▶ WHAT IS EXPECTED
Pick each line that has "value" out of the records.

[Records contained in a dataset]
....

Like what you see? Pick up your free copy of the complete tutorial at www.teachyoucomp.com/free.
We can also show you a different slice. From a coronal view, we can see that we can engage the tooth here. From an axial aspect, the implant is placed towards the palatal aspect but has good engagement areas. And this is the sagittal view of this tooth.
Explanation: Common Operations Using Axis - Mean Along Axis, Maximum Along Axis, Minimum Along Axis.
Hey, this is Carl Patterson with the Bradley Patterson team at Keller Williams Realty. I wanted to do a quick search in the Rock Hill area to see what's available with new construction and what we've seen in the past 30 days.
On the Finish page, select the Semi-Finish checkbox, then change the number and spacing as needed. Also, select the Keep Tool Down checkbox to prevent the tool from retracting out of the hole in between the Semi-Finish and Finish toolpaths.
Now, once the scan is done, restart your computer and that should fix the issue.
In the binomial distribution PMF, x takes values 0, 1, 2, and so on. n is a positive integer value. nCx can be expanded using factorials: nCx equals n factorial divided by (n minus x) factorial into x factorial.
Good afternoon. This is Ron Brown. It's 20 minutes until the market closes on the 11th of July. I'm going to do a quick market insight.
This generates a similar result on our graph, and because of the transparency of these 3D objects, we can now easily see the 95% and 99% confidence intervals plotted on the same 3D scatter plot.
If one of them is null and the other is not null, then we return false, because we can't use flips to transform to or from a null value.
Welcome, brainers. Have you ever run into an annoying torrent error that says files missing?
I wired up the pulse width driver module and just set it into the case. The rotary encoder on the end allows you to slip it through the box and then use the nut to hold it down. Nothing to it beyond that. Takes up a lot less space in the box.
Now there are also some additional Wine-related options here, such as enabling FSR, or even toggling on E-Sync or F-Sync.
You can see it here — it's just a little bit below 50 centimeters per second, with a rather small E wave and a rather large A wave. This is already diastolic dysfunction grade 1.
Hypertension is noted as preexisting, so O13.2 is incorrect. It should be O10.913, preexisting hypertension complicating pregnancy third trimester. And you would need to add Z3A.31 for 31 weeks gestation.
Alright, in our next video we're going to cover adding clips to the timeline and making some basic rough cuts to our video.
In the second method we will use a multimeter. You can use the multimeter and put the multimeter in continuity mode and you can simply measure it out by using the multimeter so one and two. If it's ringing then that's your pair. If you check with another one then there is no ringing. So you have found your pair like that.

....

▶ RESPONSE
In the binomial distribution PMF, x takes values 0, 1, 2, and so on. n is a positive integer value. nCx can be expanded using factorials: nCx equals n factorial divided by (n minus x) factorial into x factorial.
If one of them is null and the other is not null, then we return false, because we can't use flips to transform to or from a null value.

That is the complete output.